SALZBURG

LPD-Führungskräfte Salzburg

Dr. Franz Ruf, M.A.

Landespolizeidirektor Dr. Franz Ruf, M.A.
© BM.I / E. Weissheimer

Führungskräfte des LPD Salzburg

Führungskräfte des LPD Salzburg
© BM.I / E. Weissheimer

Die beruflichen Stationen von
Dr. Franz Ruf, M.A.

  • Mag. Dr. Franz Ruf, M. A., geboren 1968
  • 30. Dezember 1989:
    Eintritt in die Bundesgendarmerie, nach der Grundausbildung Dienst am GP Hallein
  • 21. Oktober 1993:
    Studienberechtigungsprüfung, danach Studium der Rechtswissenschaften
  • 1. Juli 1996:
    Dienstführender Beamter am GP Hallein
  • 3. Juli 2000:
    Sponsion zum Mag. iur.
  • 1. April 2001:
    Land Salzburg, Leiter der Gruppe Polizei und Verkehr an der BH St. Johann/Pongau
  • 11. Oktober 2001:
    Promotion zum Dr. iur.
  • 1. Juli 2005:
    Landespolizeikommandant-Stellvertreter Salzburg
  • 1. Februar 2008:
    mit der Geschäftsführung der Sicherheitsdirektion Salzburg betraut
  • 1. Juni 2009:
    Sicherheitsdirektor Salzburg
  • Master-Studium "Strategisches Sicherheitsmanagement" an der FH Wr. Neustadt
  • Führungskräftelehrgang des BM.I
  • Internationaler Kompaktlehrgang "Public Management"
  • 1. September 2012:
    Landespolizeidirektor Salzburg

Welche Ziele verfolgen Sie in Ihrer neuen Funktion als Landespolizeidirektor?
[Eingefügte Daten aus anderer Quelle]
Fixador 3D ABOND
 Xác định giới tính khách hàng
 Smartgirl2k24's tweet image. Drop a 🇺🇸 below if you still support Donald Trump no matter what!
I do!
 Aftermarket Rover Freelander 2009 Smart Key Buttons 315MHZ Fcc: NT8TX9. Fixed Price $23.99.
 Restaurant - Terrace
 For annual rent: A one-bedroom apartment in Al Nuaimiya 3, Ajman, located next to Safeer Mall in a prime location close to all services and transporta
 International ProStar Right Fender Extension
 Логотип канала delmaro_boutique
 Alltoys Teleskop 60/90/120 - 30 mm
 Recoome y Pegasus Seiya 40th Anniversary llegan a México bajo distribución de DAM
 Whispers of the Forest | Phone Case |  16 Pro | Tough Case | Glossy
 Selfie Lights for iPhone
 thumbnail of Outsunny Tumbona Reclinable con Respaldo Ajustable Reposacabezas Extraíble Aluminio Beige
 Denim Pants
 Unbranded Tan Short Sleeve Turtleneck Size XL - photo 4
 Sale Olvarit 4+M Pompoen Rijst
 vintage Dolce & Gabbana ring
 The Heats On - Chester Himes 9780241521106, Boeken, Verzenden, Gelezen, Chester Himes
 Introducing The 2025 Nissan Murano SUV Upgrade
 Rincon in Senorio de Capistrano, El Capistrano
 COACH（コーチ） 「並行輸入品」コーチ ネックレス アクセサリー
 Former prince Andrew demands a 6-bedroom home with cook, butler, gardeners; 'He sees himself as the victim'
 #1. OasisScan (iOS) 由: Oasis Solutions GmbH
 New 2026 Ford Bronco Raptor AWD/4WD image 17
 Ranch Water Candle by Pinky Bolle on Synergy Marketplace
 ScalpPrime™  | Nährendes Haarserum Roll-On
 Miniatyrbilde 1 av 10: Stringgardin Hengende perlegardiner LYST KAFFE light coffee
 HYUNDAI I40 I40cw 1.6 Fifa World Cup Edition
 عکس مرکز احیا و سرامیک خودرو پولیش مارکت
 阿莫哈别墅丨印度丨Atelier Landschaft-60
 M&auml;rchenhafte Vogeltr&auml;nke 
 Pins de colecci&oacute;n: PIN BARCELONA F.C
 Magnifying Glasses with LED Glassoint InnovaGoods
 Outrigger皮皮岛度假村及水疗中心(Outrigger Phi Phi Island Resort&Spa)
Wir haben derzeit im Bundesland Salzburg im Zehnjahresvergleich das höchste Sicherheitsniveau. Zu den wichtigsten Zielen zählt es für mich daher, das zu festigen und in den kommenden Jahren kontinuierlich auszubauen. Das kann aber nur durch ein Bündel von polizeilichen Maßnahmen und einen ziel- und wirkungsorientierten Ressourceneinsatz erreicht werden.
Ein zweites, besonders wichtiges Ziel ist es, eine Unternehmenskultur zu fördern, die auf Vertrauen und Verantwortungsbewusstsein aufbaut. Dazu gehören für mich Führungsentwicklung und eine moderne, vorausschauende und aktive Personalentwicklung.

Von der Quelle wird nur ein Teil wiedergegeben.